### What the task asks
In the copy, every line of the material that follows must appear exactly, and no pictures should.

### Dataset extract
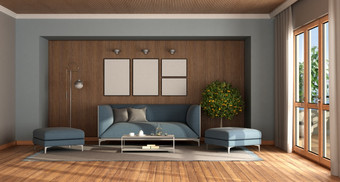 现代生活房间与优雅的蓝色的沙发和脚凳对木墙呈现现代生活房间与优雅的蓝色的沙发和脚凳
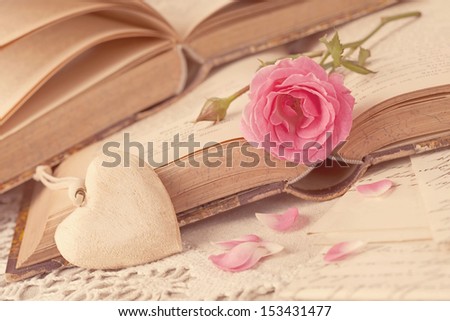 Pink flowers, letters and old books
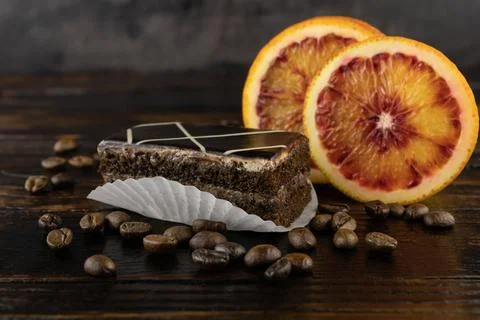 Chocolate-coated sponge cake with two slices of red orange and a scattering o Foto stock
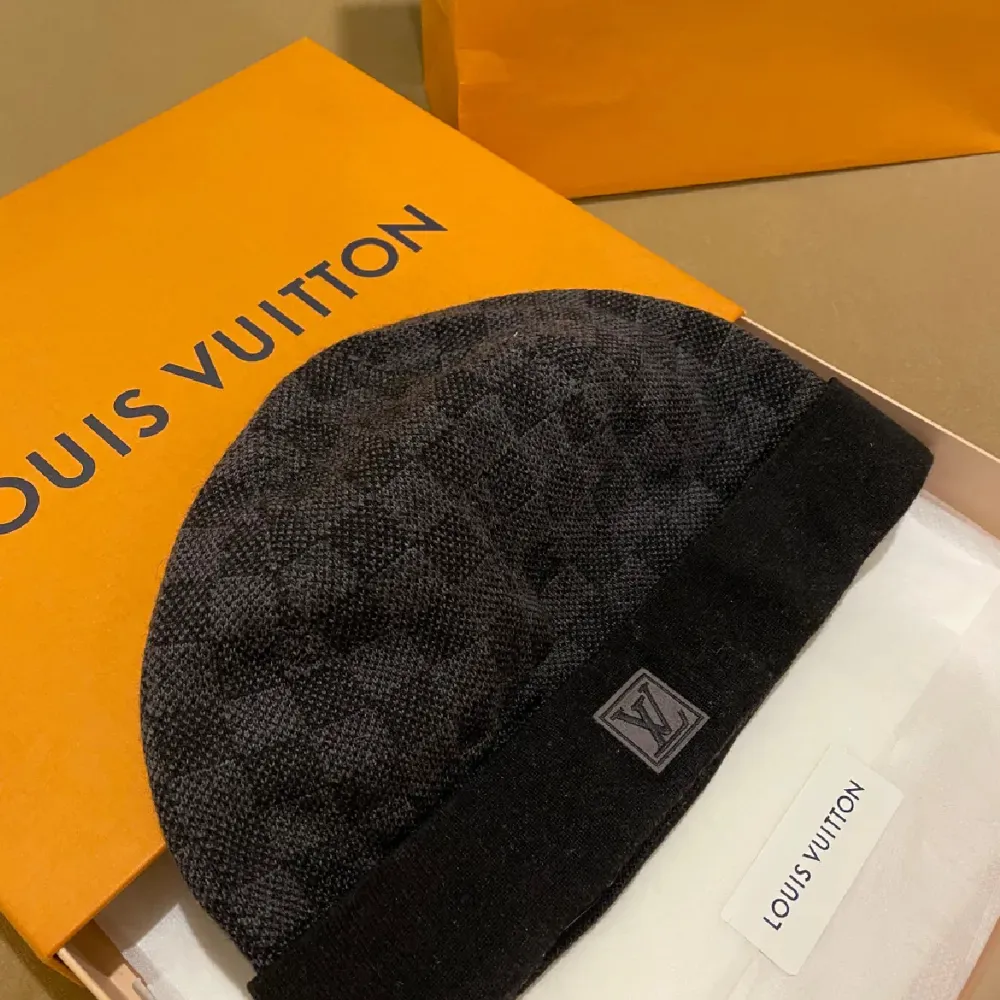 Säljer en snygg svart mössa från Louis Vuitton med klassiskt rutmönster. Mössan är i mycket bra skick och kommer i originalförpackning. Perfekt för höst och vinter, och den har en diskret LV-logga framtill. Passar både till vardags och lite finare tillfällen.. Accessoarer.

### Completed exercise
 现代生活房间与优雅的蓝色的沙发和脚凳对木墙呈现现代生活房间与优雅的蓝色的沙发和脚凳
 Pink flowers, letters and old books
 Chocolate-coated sponge cake with two slices of red orange and a scattering o Foto stock
 Säljer en snygg svart mössa från Louis Vuitton med klassiskt rutmönster. Mössan är i mycket bra skick och kommer i originalförpackning. Perfekt för höst och vinter, och den har en diskret LV-logga framtill. Passar både till vardags och lite finare tillfällen.. Accessoarer.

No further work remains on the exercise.